Along with CouchDB/Couchbase, MongoDB was one of the top examples I had in mind when I wrote about document-oriented NoSQL. Invented by 10gen, MongoDB is an open source, no-schema DBMS, so it is suitable for very quick development cycles. Accordingly, there are a lot of MongoDB users who build small things quickly. But MongoDB has heftier uses as well, and naturally I’m focused more on those.
MongoDB’s data model is based on BSON, which seems to be JSON-on-steroids. In particular:
- You just bang things into single BSON objects managed by MongoDB; there is nothing like a foreign key to relate objects. However …
- … there are fields, datatypes, and so on within MongoDB BSON objects. The fields are indexed.
- There’s a multi-value/nested-data-structure flavor to MongoDB; for example, a BSON object might store multiple addresses in an array.
- You can’t do joins in MongoDB. Instead, you are encouraged to put what might be related records in a relational database into a single MongoDB object. If that doesn’t suffice, then use client-side logic to do the equivalent of joins. If that doesn’t suffice either, you’re not looking at a good MongoDB use case.
MongoDB has integrated MapReduce. Natural uses include:
- The usual kinds of transformations one might do via MapReduce.
- Aggregations one might otherwise do in SQL (e.g.

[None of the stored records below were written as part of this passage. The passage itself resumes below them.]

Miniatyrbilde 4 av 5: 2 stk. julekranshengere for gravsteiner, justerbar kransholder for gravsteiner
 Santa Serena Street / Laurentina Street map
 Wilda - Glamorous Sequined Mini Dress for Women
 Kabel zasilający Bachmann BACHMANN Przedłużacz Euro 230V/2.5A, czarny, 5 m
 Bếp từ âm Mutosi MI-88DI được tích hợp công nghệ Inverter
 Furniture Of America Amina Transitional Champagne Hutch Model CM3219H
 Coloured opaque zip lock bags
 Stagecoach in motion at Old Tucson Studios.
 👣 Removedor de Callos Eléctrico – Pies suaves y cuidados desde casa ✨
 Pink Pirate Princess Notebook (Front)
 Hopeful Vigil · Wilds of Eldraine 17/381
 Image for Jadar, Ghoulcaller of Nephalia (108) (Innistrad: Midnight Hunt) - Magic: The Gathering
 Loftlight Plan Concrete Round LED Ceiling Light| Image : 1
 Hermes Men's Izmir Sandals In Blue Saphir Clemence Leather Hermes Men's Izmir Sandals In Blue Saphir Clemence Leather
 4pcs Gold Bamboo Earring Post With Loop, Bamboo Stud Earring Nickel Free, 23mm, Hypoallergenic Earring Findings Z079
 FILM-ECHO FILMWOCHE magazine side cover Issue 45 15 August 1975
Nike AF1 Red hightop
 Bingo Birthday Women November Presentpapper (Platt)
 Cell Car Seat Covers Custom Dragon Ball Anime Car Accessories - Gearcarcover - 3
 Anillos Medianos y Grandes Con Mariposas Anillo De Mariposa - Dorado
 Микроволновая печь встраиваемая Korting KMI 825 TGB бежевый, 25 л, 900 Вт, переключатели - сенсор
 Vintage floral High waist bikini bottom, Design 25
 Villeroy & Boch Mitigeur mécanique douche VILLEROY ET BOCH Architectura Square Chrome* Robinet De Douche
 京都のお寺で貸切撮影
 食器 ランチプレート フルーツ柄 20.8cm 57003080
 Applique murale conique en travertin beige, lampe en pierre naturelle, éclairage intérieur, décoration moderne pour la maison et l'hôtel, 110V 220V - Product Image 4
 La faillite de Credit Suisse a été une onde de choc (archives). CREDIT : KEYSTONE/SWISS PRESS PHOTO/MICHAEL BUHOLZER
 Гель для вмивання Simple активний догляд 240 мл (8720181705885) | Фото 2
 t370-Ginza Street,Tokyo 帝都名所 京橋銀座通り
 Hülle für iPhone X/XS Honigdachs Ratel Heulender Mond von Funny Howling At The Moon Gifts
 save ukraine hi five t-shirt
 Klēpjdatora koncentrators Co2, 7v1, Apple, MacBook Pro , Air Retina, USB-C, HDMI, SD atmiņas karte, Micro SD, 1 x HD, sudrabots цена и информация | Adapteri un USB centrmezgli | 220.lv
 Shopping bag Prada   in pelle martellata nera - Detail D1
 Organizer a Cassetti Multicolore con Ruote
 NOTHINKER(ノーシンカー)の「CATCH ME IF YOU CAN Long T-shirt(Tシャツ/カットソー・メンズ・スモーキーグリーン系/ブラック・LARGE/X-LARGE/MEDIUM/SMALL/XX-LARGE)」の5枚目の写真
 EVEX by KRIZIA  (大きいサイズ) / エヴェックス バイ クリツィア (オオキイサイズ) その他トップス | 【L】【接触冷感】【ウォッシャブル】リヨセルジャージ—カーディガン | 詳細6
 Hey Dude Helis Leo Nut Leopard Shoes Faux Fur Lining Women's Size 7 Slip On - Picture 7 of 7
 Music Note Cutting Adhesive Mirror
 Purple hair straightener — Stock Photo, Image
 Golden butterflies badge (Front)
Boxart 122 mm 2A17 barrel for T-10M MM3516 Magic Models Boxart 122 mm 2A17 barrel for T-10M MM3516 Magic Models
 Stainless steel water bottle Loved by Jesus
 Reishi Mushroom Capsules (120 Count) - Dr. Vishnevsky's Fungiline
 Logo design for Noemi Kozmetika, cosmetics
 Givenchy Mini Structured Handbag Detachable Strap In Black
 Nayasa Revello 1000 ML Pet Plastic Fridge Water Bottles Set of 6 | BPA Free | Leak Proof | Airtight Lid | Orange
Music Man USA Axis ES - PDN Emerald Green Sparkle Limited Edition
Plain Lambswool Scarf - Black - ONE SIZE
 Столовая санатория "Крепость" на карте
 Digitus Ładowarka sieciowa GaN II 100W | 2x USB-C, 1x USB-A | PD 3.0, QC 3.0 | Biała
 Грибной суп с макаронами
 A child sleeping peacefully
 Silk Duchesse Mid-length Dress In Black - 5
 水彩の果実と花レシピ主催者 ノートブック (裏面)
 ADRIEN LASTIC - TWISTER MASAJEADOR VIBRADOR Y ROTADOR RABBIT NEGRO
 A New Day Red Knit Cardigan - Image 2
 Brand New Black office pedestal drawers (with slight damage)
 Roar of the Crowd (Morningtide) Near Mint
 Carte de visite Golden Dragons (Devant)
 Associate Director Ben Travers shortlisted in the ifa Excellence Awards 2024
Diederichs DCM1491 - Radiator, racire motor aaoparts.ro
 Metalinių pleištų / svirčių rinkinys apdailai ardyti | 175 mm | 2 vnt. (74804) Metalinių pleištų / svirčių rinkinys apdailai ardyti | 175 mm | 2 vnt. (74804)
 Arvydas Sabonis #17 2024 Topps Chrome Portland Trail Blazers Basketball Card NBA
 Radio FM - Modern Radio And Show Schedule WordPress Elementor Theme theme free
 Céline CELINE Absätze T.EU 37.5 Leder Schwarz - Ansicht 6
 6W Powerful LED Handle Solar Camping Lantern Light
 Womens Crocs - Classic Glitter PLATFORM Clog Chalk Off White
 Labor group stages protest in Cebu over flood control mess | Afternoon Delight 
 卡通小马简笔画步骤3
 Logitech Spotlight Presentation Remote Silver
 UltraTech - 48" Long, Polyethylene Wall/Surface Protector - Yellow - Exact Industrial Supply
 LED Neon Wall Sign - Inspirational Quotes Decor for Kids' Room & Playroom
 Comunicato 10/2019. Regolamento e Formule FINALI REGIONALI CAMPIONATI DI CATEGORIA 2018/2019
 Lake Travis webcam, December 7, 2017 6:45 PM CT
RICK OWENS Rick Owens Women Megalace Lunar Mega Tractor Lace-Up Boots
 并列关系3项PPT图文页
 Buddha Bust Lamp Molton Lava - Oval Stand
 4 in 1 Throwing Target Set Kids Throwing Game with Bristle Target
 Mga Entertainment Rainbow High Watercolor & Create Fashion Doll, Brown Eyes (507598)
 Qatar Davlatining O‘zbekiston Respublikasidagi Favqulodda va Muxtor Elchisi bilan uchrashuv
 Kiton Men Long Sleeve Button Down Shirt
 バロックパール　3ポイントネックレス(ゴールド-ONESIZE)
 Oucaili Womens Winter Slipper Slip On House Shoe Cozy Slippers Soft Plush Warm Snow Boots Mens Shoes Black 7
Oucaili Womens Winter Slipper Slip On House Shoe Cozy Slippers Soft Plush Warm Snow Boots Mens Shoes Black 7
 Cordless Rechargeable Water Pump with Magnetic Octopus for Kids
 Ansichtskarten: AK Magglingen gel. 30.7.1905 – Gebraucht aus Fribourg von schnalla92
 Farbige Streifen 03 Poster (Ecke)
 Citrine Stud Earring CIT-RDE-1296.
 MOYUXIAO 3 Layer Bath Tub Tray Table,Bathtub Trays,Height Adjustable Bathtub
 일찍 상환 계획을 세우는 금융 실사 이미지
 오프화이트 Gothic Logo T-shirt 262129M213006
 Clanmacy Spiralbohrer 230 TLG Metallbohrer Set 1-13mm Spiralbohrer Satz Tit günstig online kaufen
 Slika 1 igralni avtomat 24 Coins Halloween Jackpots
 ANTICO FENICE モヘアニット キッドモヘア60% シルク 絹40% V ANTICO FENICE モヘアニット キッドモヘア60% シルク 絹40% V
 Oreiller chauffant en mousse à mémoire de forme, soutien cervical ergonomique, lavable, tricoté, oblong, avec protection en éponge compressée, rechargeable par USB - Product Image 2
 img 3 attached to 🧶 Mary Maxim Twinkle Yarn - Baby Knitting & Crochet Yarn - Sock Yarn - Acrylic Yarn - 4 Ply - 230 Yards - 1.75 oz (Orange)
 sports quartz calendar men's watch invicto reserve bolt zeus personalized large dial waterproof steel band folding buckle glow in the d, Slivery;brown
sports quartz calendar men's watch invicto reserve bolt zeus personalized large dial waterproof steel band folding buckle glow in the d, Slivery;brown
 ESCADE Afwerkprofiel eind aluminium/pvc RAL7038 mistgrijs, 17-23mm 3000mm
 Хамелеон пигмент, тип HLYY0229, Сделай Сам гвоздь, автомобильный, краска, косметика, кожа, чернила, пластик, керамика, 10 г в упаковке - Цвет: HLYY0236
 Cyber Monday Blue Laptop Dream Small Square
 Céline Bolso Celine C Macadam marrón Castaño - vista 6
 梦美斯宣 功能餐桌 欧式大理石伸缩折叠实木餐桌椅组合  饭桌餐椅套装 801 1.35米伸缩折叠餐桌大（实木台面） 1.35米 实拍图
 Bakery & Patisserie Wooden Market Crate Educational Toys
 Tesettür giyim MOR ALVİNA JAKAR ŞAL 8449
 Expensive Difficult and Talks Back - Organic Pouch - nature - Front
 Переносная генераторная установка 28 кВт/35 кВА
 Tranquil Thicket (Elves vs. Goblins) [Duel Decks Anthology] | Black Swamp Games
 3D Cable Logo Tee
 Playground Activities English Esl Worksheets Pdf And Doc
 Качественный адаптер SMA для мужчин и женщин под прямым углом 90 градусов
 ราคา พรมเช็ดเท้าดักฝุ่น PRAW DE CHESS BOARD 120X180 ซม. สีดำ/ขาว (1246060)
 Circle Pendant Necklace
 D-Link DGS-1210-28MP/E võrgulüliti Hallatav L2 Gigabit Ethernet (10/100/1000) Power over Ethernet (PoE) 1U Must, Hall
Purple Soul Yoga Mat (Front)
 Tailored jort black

GROUP BY kinds of things are an obvious MapReduce fit).
Improved aggregation/MapReduce performance is a roadmap item.
However, Dwight said MongoDB has excellent performance in simple real-time reporting, for example updating a counter 10,000 times per second. When I asked him why, reasons included:
- A memory-mapped data model.
- Deferred writes — a write might take a couple of seconds to actually persist.
- Optimism — you don’t have to wait for an acknowledgement if you write something to the database.
- “Upsert in place” – update in place without checking whether you’re doing a write or insert.
- General lack of overhead.
Inspired in part by Schooner’s internal benchmarks, I’ve come to think that, apples-to-apples, even the simplest key-value store will have < 3X single-node performance advantage over well-implemented MySQL. (Read, write, or blended.) The 10gen guys don’t dispute that. However, they point out that a single MongoDB request can process the equivalent of many relational rows, opening the possibility of much greater performance gains than that. In particular, there seem to be some Drupal implementations enjoying huge MongoDB-based speed-ups.
On a heavy-duty server (8-12 cores, 16-64 gigs of RAM), MongoDB can apparently do 20-30,000 writes or 100,000 reads per second. Improved concurrency and mixed read/write performance is coming, although obviously 10gen would think that MongoDB does pretty well in those areas already. The largest known MongoDB system does about 1 million reads/second. I would imagine that those figures require the database to fit into RAM, given:
- MongoDB’s memory-mapped architecture.
- This post mortem of the MongoDB Foursquare outage.
I’ve gotten conflicting signals as to whether there are any multi-hundred-node MongoDB deployments. But there are “lots” of 20-40 node ones, as well as lots under 10 nodes. Note that 1 million reads/second naively sounds as if it could be achieved on 10 MongoDB nodes — but I’d guess that’s not really the configuration.
MongoDB’s scale-out story starts with transparent sharding, although I think transparent sharding was a new feature in MongoDB 1.6 last summer. So far as I understand, what MongoDB sacrifices in the CAP Theorem is the P — partitions happen, and when they do you might not be able to write to the shard you want to. A MongoDB shard can have multiple nodes, in a master-slave set-up, and there’s some flexibility as to how intra-node consistency is handled.
MongoDB functionality futures include full-text search, and extensions to the general query language.